Dana White spoke with Brazilian website Alpha recently, and according to the UFC president, in spite of middleweight Anderson Silva’s recent re-assertion that he isn’t interested in a fight with light heavyweight champ Jon Jones, the fight may happen before “The Spider” calls it a career.
“He’s probably the greatest fighter in history. He hasn’t lost and has been champion since 2006. I think he has two more title defenses and I do not know what he’ll do next or if he will retire,” he said. “He could end his career with a super fight against Jon Jones or George St-Pierre. He could end his career like that — fight in a different weight class. I would be happy with that. Then he could take a boat and sail into the sunset.”
Although he doesn’t think Jones’ youth would play a major factor in the fight, “The Baldfather” says Father Time and his effect on fighting skills is one of the leading causes of retirement in the sport, even amongst the sport’s best.
“Age is a shit, man. It’s the only thing you can not cheat. The fighters who become champions never finish their careers at the top. Anderson may have the ability to do this. The problem is that you never know when time will catch up with you. You are the king of the world one day, then you get in there and one day is half a second slower than before,” he explained. “And only you will know right away. Anderson is 36 years old. Jon Jones is 24. Jon Jones was in that war with Rampage. He finished the fight with swollen knees, unable to walk. Then six days later he was fine. That’s how you heal when you’re 24. But the fact is that Anderson did not get beat for a long time.”
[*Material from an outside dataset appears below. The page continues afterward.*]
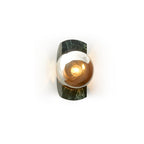 Castereth Glass Wall Light-Moonnatur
Speaking of aging veterans, Dana said that he was disappointed that Antonio Rodrigo Nogueira didn’t finish Frank Mir when he had the chance at UFC 140 since he seemed to have the fight in the bag.
“He was two punches away from winning that fight,” White said shaking his head. “Instead he passed the guard and tried to apply a guillotine on Frank Mir. Nobody understood that. He will regret that decision for the rest of life. It was his fight. It was finished. I do not know how he sleeps after that.”